3A is an inner surface view of the first lid 11a made of glass, which is the lid 10 of the first piezoelectric device 100, and FIG. 3B is a top view of the crystal frame 20 having the tuning fork type crystal vibrating piece 21. FIG. FIG. 3C is a top view of the first base 31 a made of glass, which is the base 30. FIG. 3D is a schematic cross-sectional view showing the first piezoelectric device 100 in the AA cross section of FIG.

  In the first piezoelectric device 100, a first base 31 a is joined under the crystal outer frame portion 22 so as to sandwich the crystal outer frame portion 22 of the crystal frame 20, and the first lid 11 a is placed over the crystal outer frame portion 22. Are joined.

The first lid 11a and the first base 31a are made of glass. As shown in FIG. 3A, the first lid 11a has a concave portion 12 for the lid on one side on the crystal outer frame side.
As shown in FIG. 3 (b), the crystal frame 20 with the connecting portion shown in the first embodiment is used. In the present embodiment, a metal film 45 is provided on the front and back surfaces of the crystal outer frame portion 22. The metal film 45 is formed by a technique such as sputtering or vacuum deposition. The metal film 45 is composed of an aluminum (Al) layer, and the thickness of the aluminum layer is about 1000 to 1500 mm.

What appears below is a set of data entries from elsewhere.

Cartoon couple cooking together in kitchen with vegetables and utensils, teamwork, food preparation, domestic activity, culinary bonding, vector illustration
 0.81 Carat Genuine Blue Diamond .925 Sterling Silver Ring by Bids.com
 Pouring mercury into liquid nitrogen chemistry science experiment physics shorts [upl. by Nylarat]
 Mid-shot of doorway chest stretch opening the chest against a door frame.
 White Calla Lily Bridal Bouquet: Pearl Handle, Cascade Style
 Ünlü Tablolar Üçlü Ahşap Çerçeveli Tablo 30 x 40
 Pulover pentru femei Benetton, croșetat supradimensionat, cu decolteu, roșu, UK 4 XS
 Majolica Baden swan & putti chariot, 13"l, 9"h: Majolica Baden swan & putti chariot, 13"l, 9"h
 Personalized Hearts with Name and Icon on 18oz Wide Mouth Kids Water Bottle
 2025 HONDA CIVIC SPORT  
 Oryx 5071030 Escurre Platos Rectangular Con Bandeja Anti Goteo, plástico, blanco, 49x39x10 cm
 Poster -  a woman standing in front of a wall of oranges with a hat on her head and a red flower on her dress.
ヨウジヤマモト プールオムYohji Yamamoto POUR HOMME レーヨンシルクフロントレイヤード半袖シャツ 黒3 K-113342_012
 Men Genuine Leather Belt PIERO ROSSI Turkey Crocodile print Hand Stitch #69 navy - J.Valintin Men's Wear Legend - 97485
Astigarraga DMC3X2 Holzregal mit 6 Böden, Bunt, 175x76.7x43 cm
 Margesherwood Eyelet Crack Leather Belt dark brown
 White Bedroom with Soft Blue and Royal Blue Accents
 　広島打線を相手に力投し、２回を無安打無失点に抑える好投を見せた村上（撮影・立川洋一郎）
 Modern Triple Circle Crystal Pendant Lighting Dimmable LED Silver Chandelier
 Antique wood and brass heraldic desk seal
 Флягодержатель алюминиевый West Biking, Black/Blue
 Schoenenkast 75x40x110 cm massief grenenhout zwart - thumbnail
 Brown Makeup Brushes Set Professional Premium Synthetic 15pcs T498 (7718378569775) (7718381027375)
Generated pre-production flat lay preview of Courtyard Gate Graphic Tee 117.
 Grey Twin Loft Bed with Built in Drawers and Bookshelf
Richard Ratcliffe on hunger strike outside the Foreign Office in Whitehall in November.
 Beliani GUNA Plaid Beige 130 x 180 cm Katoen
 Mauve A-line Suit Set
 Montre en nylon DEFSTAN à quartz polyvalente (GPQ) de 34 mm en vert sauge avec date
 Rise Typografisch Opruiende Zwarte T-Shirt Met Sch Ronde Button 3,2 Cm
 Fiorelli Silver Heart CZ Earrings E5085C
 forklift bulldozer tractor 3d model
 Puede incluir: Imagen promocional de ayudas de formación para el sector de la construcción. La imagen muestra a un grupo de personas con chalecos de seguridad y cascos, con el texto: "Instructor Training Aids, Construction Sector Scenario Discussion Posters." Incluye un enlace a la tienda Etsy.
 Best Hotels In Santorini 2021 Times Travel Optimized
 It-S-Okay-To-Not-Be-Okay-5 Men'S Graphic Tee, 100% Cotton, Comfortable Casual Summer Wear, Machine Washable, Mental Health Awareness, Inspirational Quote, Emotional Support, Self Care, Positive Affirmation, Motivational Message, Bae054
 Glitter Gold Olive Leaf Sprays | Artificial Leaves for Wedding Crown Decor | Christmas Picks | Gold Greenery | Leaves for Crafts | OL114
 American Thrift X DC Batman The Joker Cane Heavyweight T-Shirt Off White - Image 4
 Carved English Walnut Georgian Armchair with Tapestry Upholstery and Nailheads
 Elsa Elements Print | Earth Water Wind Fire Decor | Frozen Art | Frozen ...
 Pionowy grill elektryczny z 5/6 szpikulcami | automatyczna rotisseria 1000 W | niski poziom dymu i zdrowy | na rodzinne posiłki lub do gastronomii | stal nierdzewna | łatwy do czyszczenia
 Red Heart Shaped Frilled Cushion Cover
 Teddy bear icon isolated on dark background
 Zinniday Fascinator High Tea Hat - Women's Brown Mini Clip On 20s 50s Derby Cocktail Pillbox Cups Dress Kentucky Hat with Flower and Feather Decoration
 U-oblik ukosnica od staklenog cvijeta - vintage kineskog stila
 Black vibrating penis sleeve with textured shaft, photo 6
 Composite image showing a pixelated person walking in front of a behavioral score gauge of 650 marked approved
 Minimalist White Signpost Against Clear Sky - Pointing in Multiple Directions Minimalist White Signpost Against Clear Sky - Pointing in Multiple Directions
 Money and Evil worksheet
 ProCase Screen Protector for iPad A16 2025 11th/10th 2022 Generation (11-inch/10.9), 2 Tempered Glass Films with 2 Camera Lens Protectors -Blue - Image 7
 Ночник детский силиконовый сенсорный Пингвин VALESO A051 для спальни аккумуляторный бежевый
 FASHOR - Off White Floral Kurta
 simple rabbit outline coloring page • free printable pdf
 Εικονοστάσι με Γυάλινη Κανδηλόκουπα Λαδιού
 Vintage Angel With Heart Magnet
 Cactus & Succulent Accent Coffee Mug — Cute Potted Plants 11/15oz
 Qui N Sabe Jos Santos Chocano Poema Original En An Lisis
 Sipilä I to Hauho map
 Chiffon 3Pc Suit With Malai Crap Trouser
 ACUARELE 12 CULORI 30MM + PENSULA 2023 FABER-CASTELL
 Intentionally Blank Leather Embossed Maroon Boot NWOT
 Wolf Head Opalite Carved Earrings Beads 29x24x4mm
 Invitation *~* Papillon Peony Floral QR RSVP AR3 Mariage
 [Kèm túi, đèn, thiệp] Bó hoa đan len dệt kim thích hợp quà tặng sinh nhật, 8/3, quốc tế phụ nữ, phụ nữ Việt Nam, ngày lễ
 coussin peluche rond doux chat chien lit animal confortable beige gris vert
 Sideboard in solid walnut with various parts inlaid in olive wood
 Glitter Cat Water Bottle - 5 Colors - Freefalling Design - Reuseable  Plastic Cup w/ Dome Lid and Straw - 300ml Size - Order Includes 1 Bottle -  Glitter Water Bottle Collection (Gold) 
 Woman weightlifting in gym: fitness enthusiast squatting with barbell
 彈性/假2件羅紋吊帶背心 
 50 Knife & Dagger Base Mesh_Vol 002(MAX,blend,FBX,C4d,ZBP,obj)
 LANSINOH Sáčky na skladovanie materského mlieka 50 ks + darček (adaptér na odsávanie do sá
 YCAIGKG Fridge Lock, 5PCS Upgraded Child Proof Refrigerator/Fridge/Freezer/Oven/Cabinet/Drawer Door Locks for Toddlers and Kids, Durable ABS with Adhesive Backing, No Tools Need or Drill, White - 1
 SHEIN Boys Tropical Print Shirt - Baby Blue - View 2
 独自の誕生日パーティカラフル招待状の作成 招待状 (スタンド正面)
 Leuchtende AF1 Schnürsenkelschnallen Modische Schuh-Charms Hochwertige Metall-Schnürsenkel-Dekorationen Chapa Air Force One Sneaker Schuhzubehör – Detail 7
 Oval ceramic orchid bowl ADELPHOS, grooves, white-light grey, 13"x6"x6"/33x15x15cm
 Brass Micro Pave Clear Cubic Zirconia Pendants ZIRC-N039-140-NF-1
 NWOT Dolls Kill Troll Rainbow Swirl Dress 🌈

  As shown in FIG. 3C, the first base 31a has a base recess 32 on one side on the crystal outer frame side. The first base 31a is made of glass, and when the base recess 32 is provided by etching, the first through hole 33 and the second through hole 34 are simultaneously formed. A first connection electrode 46 and a second connection electrode 47 are provided on the surface of the first base 31a.

  The first through hole 33 and the second through hole 34 are formed with a metal film on the inner surface, and the metal film on the inner surface is formed by a photolithography process simultaneously with the first connection electrode 46 and the second connection electrode 47. A gold (Au) layer or a silver (Ag) layer is formed on the inner metal film. The first base 31a includes a first external electrode 48 and a second external electrode 49 that are metallized on the bottom surface. The first connection electrode 46 is connected to the first external electrode 48 provided on the bottom surface of the first base 31 a through the first through hole 33. The second connection electrode 47 is connected to the second external electrode 49 provided on the bottom surface of the first base 31 a through the second through hole 34.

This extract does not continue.